Re: fc_remote_port_delete and returning SCSI commands from LLD

James Smart <James.Smart@xxxxxxxxxx> · Wed, 21 Oct 2009 12:24:31 -0400

Christof Schmitt wrote:
I am looking again at how and when a FC LLD should call
fc_remote_port_delete. Some help would be welcome to cover all
requirements and to plug the holes...

It's pretty simple, as far as the FC transport is concerned.
Call fc_remote_port_add() once connectivity is established.
Call fc_remote_port_delete() once connectivity is lost.
It is expected that there is a clear add->delete->add->delete->... sequence.

Timing is considered "immediate", but there's always a window of delay.

In general, the Transport ignores what happens to outstanding i/o, letting the 
LLDD do something based on its policy, or let natural i/o timers or the fast 
fail timer to fire.  The transport, at the delete call, will start the fast 
fail timer if it is set.

One scenario i am looking at: The connection to the HBA has been
temporarily lost and the LLD has to return all pending I/O requests to
the upper layers, so they can be retried later. Now with the SCSI
device being part of a multipath device, the first failed I/O request
triggers path failover:

You are now asking a different question - how to make the upper layers play
nice with the different responses from queuecommand, the LLDD's interaction 
with the transport and midlayer, etc.

multipath_end_io
do_end_io
fail_path
queue_work(kmultipathd, &pgpath->deactivate_path);

which then marks the following returned requests as timed out:

deactivate_path
blk_abort_queue
blk_abort_request
blk_rq_timed_out
scsi_times_out
fc_timed_out

If the remote_port status is not BLOCKED, this will trigger the SCSI
midlayer error handling which cannot do much during the interruption
to the hardware and will mark the SCSI devices 'offline'.

Well - this isn't absolute, but is pretty much true. We expect, when 
connectivity is lost, for the block state to be temporarily entered. The 
blocked state holds off further i/o and the eh handler as well, to postpone 
the normal i/o failure cases which do lead to offline conditions in most 
scenarios.

But - this process is a coordinated effort between the driver and the upper 
layers, and where the driver doesn't get helped by the transport (the blocked 
state) it had better mimic the return codes at the different points, and 
perhaps more, so that bad things don't happen.

In order to
prevent this, the rule would be: First call fc_remote_port_delete to
set the remote port (or in the case of an HBA interruption all remote
ports) to BLOCKED, and only after this step call scsi_done to pass the
SCSI commands back to the upper layers.

True, although as mentioned, i/o termination is considered independent from 
the rport/transport.
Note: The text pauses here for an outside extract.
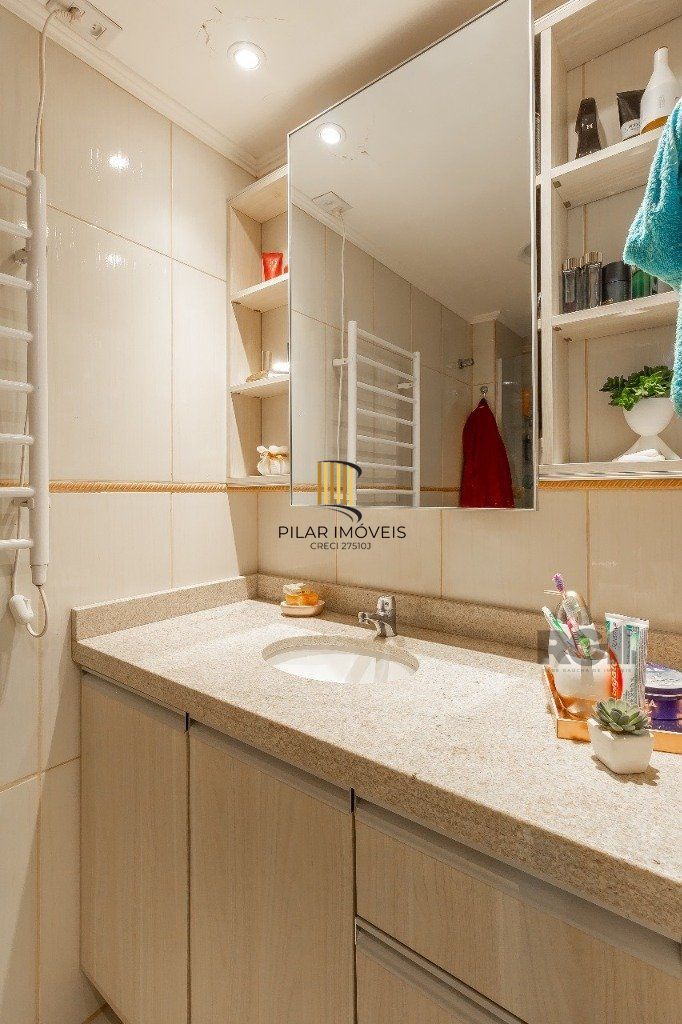 Apartamento 2 dormitórios no bairro Menino Deus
But, you're best off if the target is blocked due to the 
rport delete as we've prepped the upper layers to behave best with this behavior.
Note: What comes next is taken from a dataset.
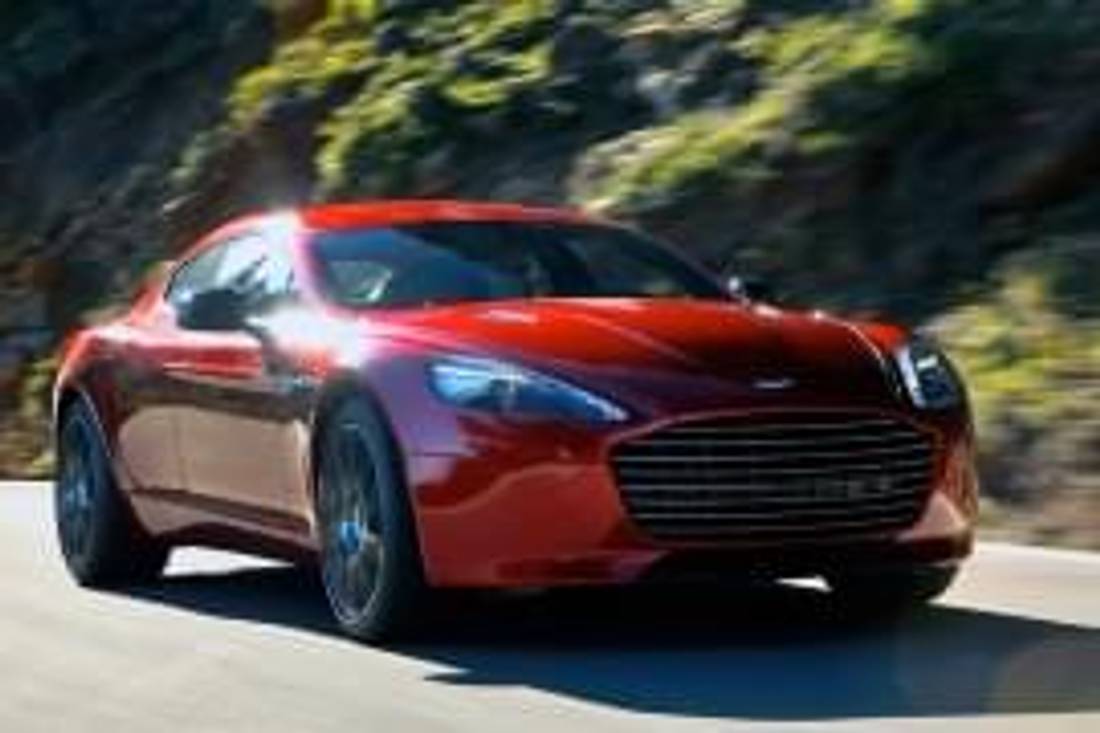 Aston Martin Rapide S – widok z przodu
There will always be a few i/o's that sneak in or complete (timeout ?) in 
between when the LLDD detects connectivity loss and when the 
fc_remote_port_delete has been called. It's up to the LLDD to handle this window.
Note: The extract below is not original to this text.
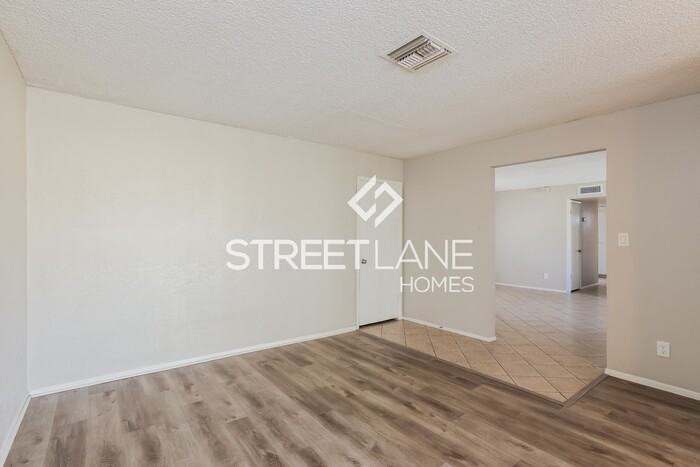 10424 W Calle Del Oro - Photo 2 of 15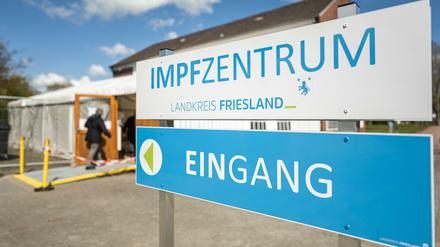 Eine ältere Dame betritt das Impfzentrum Landkreis Friesland.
Completions, including i/o timeouts, are typically not a big deal and should 
just return via scsi_done as they normally would. The caveat is when those 
i/o's are from the eh thread.  Granted - if you are actively aborting/failing 
i/o at the connectivity loss, and doing so before the block is in place, 
you're causing more headaches for yourself in getting the upper layers to play 
right with the LLDD - with the recommendation being "don't do that".

New i/o needs to be caught in queuecommand with the LLDD emulating the 
transport status that would normally get returned.  E.g. the call to 
fc_remote_port_chkready() won't catch it as the fc_remote_port_delete() call 
hasn't completed yet - so the LLDD needs a 2nd check against it's own 
structures, and if it detects the state, it should fail the i/o with the same 
codes that chkready would. In reality, if you wanted to accept the command, 
but never issue it and just leave it outstanding - waiting for i/o timeout, or 
fast fail i/o timout, or devloss_tmo, I guess you could.

This means, if the HBA problem is detected in interrupt context,
fc_remote_port_delete has to be called before calling scsi_done.

Well - execution context is somewhat unrelated, as it depends on how the LLDD 
is implemented, and what else its doing when connectivity is lost.

But the description for fc_remote_port_delete states:

 * Called from normal process context only - cannot be called from
 * interrupt.
 *
 * Notes:
 *	This routine assumes no locks are held on entry.
 */

Looking at the functions called from fc_remote_port_delete, i don't
see a problem in calling fc_remote_port_delete from interrupt context
or with locks held. Does this mean the description should be fixed or
am i missing something?

That's probably true. underlying routines have changed a bit over time and it 
may be better now. I'd still hesitate with fc_tgt_it_nexus_destroy() (although 
it shouldn't be applicable to you), and scsi_target_block().  Creating 
additional lock hierachies between LLDD locks and the locks in these paths 
(which the LLDD rarely sees/knows about) isn't good.   Thus, we've mostly 
pushed LLDDs to use a pristine context when calling the transport (such as a 
workq context) so that we can disassociate low-level LLDD design from midlayer 
design.

fc_remote_port_add on the other hand can wait during flushes and has
to be called from process context. To summarize:
- A LLD has to call fc_remote_port_delete before returning SCSI
  commands from a failed port or failed HBA.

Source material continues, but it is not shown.